The records are to be copied in their entirety, exactly as given.

BEGIN EXTRACTED INFORMATION

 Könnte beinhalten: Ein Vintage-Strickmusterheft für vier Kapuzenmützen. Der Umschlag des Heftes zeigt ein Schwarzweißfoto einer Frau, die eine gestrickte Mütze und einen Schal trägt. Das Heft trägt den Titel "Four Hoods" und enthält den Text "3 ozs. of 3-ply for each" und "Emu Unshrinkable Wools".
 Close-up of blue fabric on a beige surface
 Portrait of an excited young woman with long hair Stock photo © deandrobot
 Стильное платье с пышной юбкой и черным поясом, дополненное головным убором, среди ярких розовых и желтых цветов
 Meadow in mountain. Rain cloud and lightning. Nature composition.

END EXTRACTED INFORMATION

ANSWER BELOW:
 Könnte beinhalten: Ein Vintage-Strickmusterheft für vier Kapuzenmützen. Der Umschlag des Heftes zeigt ein Schwarzweißfoto einer Frau, die eine gestrickte Mütze und einen Schal trägt. Das Heft trägt den Titel "Four Hoods" und enthält den Text "3 ozs. of 3-ply for each" und "Emu Unshrinkable Wools".
 Close-up of blue fabric on a beige surface
 Portrait of an excited young woman with long hair Stock photo © deandrobot
 Стильное платье с пышной юбкой и черным поясом, дополненное головным убором, среди ярких розовых и желтых цветов
 Meadow in mountain. Rain cloud and lightning. Nature composition.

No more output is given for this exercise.